[Python-Dev] itertools module

Raymond Hettinger python@rcn.com
Mon, 27 Jan 2003 15:20:29 -0500


>     Raymond> The other differences are that it stops with the shortest
>     Raymond> iterable and doesn't accept None for a func argument.
> 
> I was questioning why with a name like "imap" you chose
> to make it differ from map() in ways other than its iterator-ness.  The
> other semantic differences make it more difficult to replace map() with
> itertools.imap() than it might be.

Okay, it's no problem to put back in the function=None behavior.
I had thought it an outdated hack that could be left behind, but
there is no loss from including it.  And, you're right, it may help
someone transition their code a little more easily.

>     Raymond> Because one or more useful inputs are potentially infinite,
>     Raymond> filling in Nones is less useful than stopping with the shortest
>     Raymond> iterator.
> 
> Yes, but it still seems a gratuitous change from map() to me.

I understand; however, for me, replicating quirks of map ranks
less in importance than creating a cohesive set of tools that work
well together.  The SML/Haskell tools have a number of infinite
iterators as basic building blocks; using them requires that other
functions know when to shut off.  I would like the package to
be unified by the idea that the iterators all terminate with shortest 
input (assuming they have one and some don't).

Also, I'm a little biased because that map feature has never been
helpful to me and more than once has gotten in the way.  The
implementations in Haskell and SML also did not include a 
None fillin feature.

>     >> * loopzip() - It's not clear why its next() method should return a
>     >>   list instead of a tuple (again, a seemingly needless distiction
>     >>   with its builtin counterpart, zip()).
> 
>     Raymond> I've wrestled with the one.  The short answer is that zip()
>     Raymond> already does a pretty good job and that the only use for
>     Raymond> loopzip() is super high speed looping.  To that end, reusing a
>     Raymond> single list instead of allocating and building tuples is *much*
>     Raymond> faster.
> 
> How do you know the caller doesn't squirrel away the list you returned on
> the n-th iteration?  I don't see how you can safely reuse the same list.
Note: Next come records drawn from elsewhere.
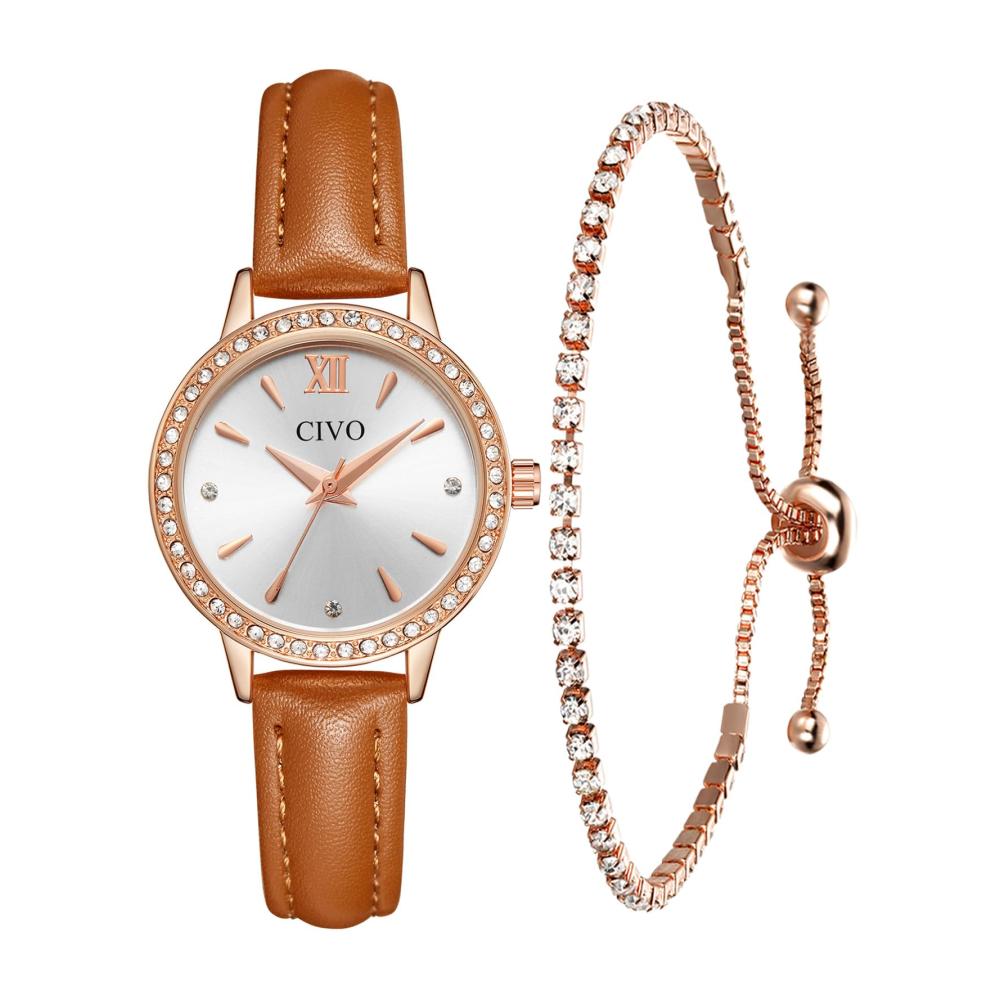 Braun Armband 2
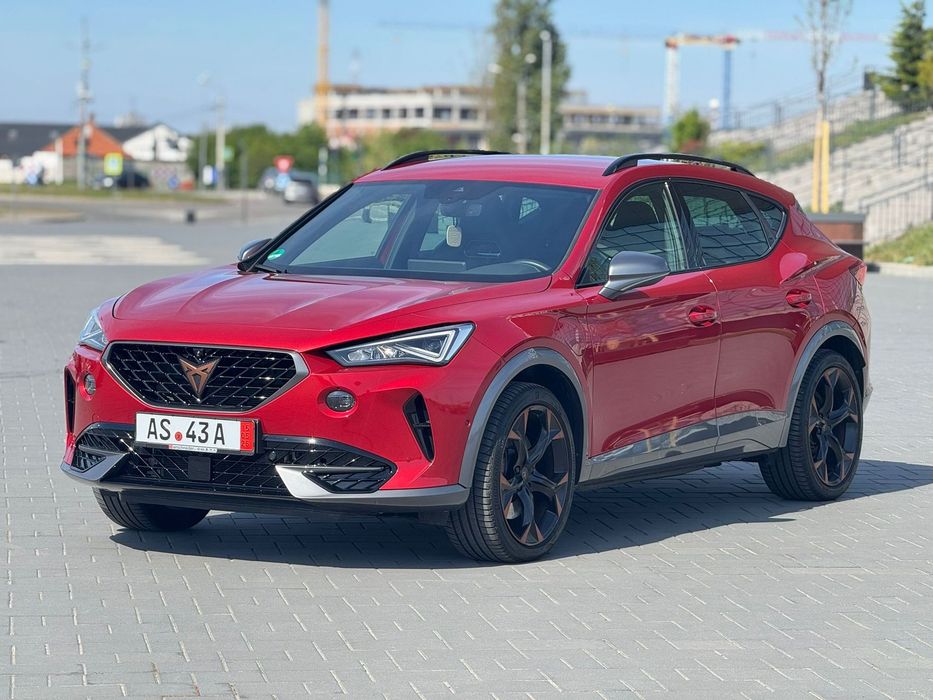 Cupra Formentor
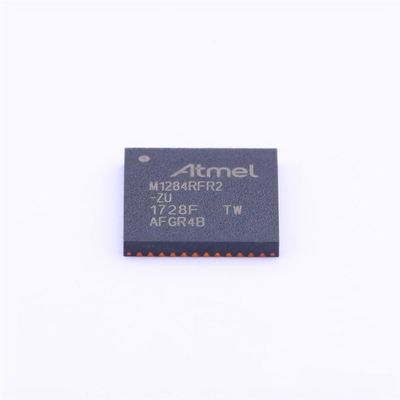 IC Integrated Circuits ATMEGA1284RFR2-ZU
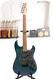Chapter Guitars Stratocaster In Nebula Flip-flop Finish 2021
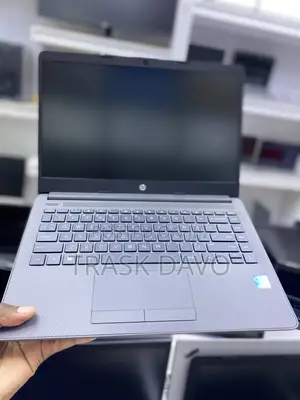 New Laptop HP 250 G7 4GB Intel Core I3 HDD 500GB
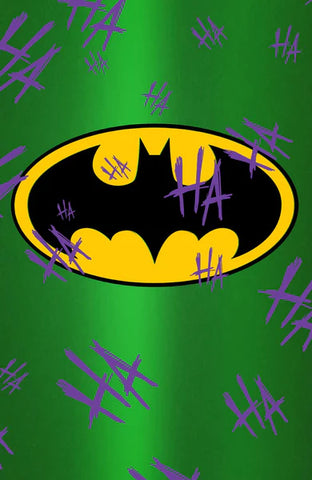 Batman Knight Terrors #1 Ha Ha Foil Variant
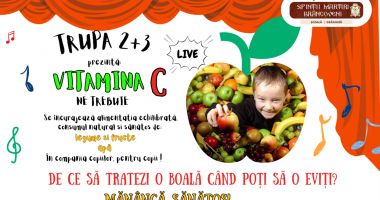 Stire din Cultură-Educație : Școala Sfinții Martiri Brâncoveni – O Comunitate a Educației Prin Experiențe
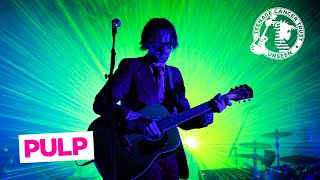 Pulp Live At The Royal Albert Hall [upl. by Jasisa]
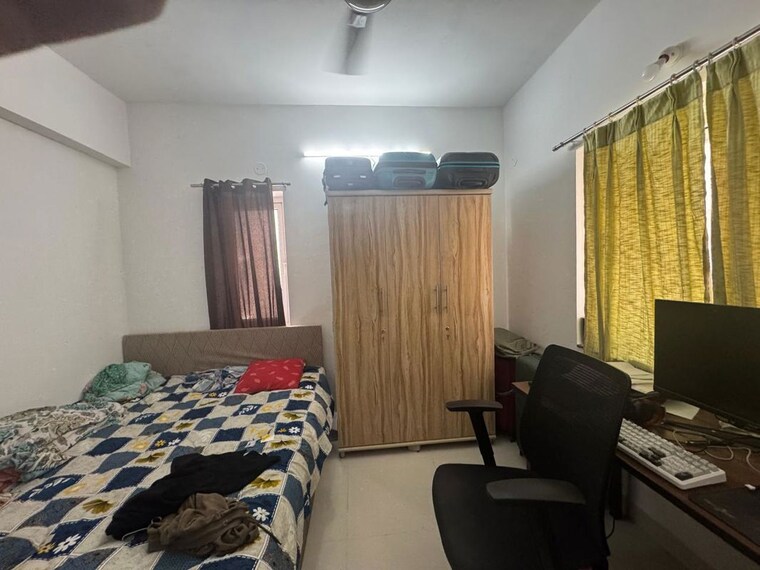 Bedroom, rnp-1 3 Bedroom 1585 Sq.Ft. Apartment In Kondapur Hyderabad 10422806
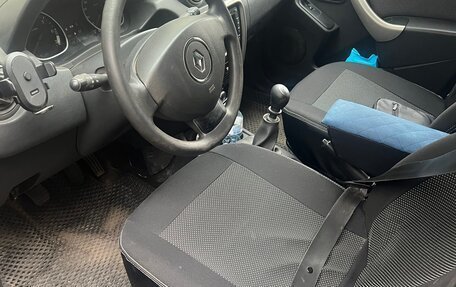 Renault Duster I рестайлинг, 2014 год, 1 270 000 рублей, 7 фотография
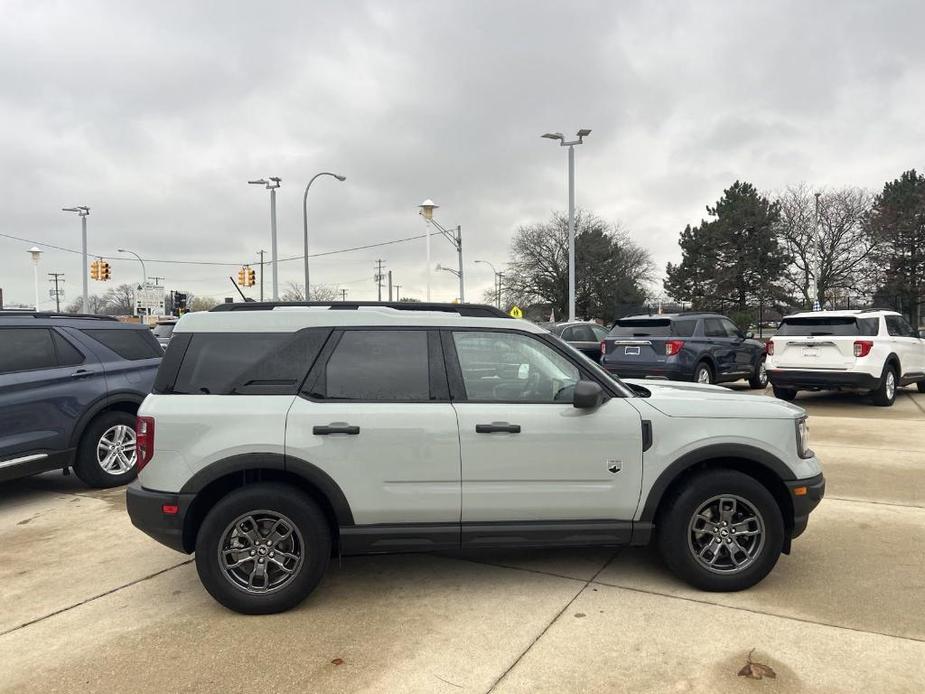 used 2022 Ford Bronco Sport car, priced at $24,963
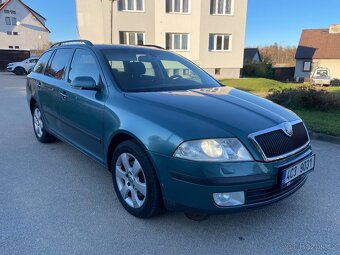 Škoda Octavia 2 Kombi 2.0TDI 103kw DSG - 3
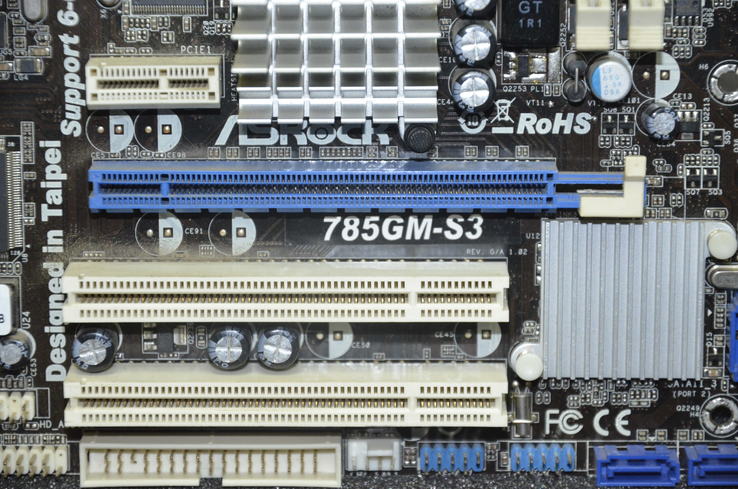Материнская плата ASRock 785GM-S3 (AM3, AMD 785G, PCI-Ex16), numer zdjęcia 5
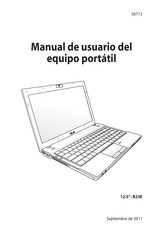 Asus B23E Manual De Usuario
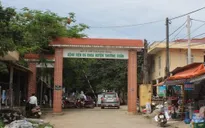 Đề nghị khai trừ Đảng Phó GĐ Bệnh viện Thường Xuân, Thanh Hóa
If needed, I can add in an izip() function that returns tuples just like zip()
does. I would like to keep loopzip().  It is very effective and efficient for the
use case that zip was meant to solve, namely lockstep iteration:

      for i, j in loopzip(ivector, jvector):   # results are immediately unpacked
            process(i,j)

This use case is even more prevalent with this package where loopzip
can combine algebraicly with other itertools or functionals:

     takewhile(binarypredicate, loopzip(ivec, jvec)

It's a terrible waste to constantly allocate tuples, build them, pass them,
unpack them, and throw them away on every pass.  Reuse is an
optimization that is already built into the existing implementations
of filter() and map().

> 
> Skip

Thanks again for the useful comments.
I'll add the map(None, s1, s2, ...) behavior
and write an izip() function which can be used
with full safety for non-looping use cases.


Raymond Hettinger